== RECORDS TO PROCESS ==

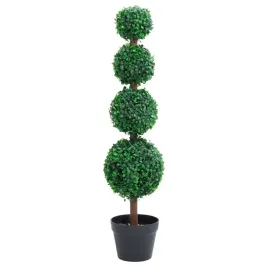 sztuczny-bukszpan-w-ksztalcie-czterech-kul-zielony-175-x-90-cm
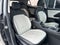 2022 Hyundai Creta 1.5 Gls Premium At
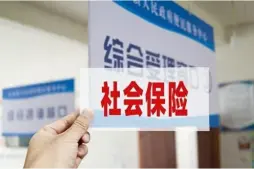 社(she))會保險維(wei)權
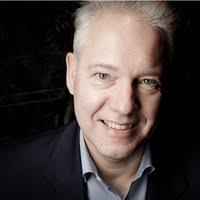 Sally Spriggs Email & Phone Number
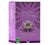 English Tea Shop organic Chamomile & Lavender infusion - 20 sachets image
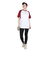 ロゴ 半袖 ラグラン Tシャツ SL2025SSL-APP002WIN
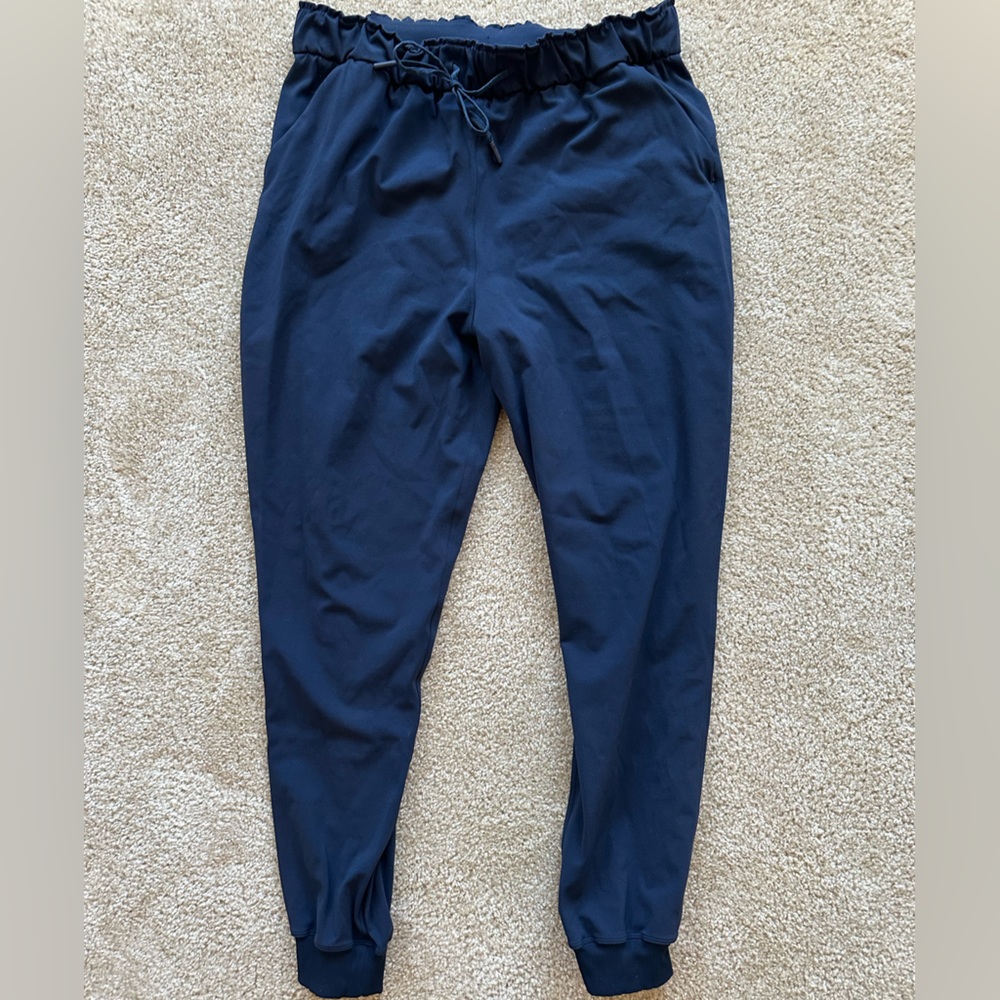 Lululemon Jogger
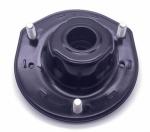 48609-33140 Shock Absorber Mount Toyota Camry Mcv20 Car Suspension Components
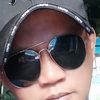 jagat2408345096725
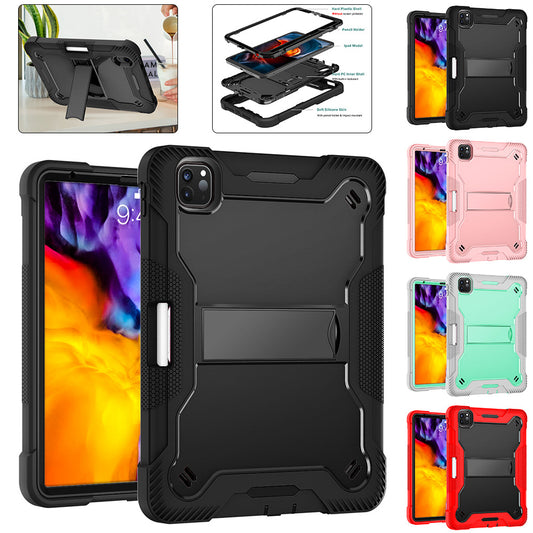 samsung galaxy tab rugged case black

===

- _PROBLEM STATEMENT_
All lines from the one containing "Lululemon Jogger" through the final line of the entries above are to be copied exactly; the pictures are not.

- _YOUR SOLUTION_
 Lululemon Jogger
 48609-33140 Shock Absorber Mount Toyota Camry Mcv20 Car Suspension Components
 jagat2408345096725
 samsung galaxy tab rugged case black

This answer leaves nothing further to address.